- Born: Jack O'Brien Dash 23 February 1907 Southwark, London, England
- Died: 8 June 1989 (aged 82) London, England
- Employer: Auxiliary Fire Service
- Organization(s): National Unemployed Workers' Movement, Transport and General Workers' Union, National Dock Labour Board
- Known for: Trade Union and communist activism
- Notable work: Good Morning Brothers! (1969)
- Political party: Communist Party of Great Britain (CPGB)
- Honours: "Jack Dash House" – Isle of Dogs

= Jack Dash =

British trade unionist (1907–1989)

Jack O'Brien Dash (23 February 1907 – 8 June 1989) was a British communist and trade union leader, famous for his role in London dock strikes.

Born in Southwark to a family which was often in poverty, Dash grew up on Rockingham Street. His father Thomas was a scene shifter at the theatre where he met Dash's mother, Rose Gertrude John, who appeared on stage there. She died aged 40 of tuberculosis, when Dash was seven, followed a few years later by his father.

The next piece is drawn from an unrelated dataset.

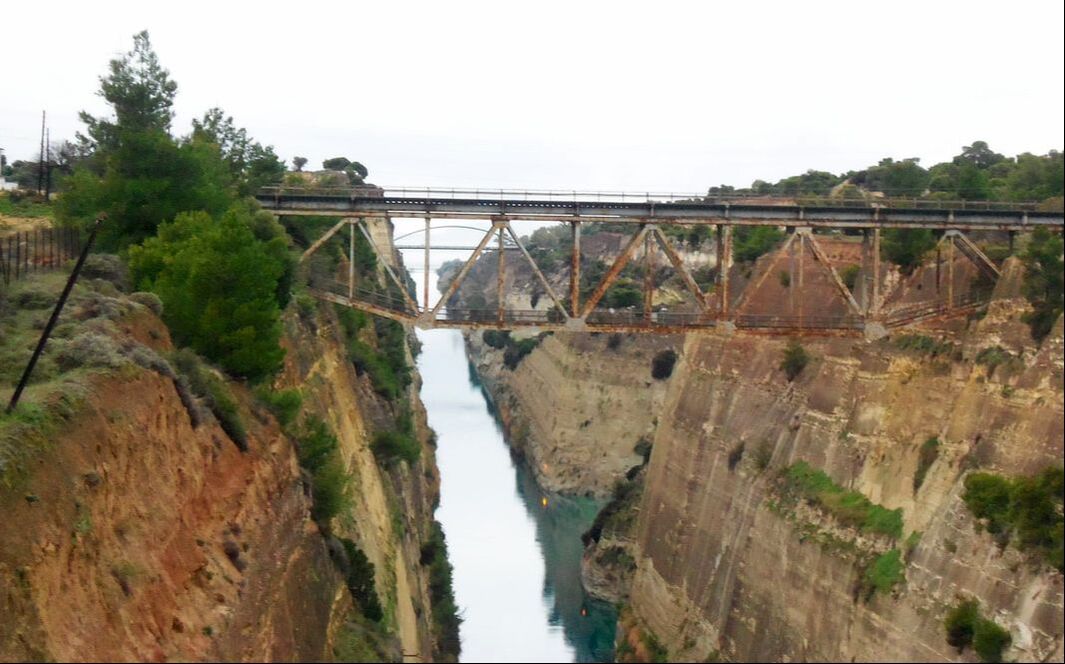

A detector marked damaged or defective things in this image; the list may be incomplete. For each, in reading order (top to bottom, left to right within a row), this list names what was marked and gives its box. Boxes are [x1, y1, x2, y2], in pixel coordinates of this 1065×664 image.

rusty steel truss bridge [258, 187, 1064, 338]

Dash left school at 14 to work as a page boy at a Lyons Corner House. He later became a hod carrier for a bricklayer, and worked in other jobs for short periods in between which he was unemployed. He enlisted in the Royal Army Service Corps and served for two years; he also became a professional boxer, fighting about a dozen bouts.

Dash joined the Communist Party of Great Britain in 1936 and also joined its front organisation, the National Unemployed Workers' Movement. After the outbreak of the Second World War in 1939 he joined the Auxiliary Fire Service while waiting to join the Royal Navy, although eventually he remained in the AFS (later the National Fire Service) for the rest of the war. In 1945, he found a long-term job as a docker and a member of the Transport and General Workers Union and the National Dock Labour Board. Dash prided himself on having been involved in every London dock strike from 1945 to 1969, stating that all but one had been worthwhile; the exception was an inter-union dispute. He was regarded by some as a firebrand and an agitator and was vilified as a bogeyman by the conservative media in the same manner as Derek Robinson and Arthur Scargill would later be. Dash, who was interested in poetry and would quote Samuel Butler or Robert Browning in his speeches, was often invited to address prestigious bodies: he spoke at 40 student meetings, and opposed the motion 'This House would outlaw unofficial strikes' at the Oxford Union debating society.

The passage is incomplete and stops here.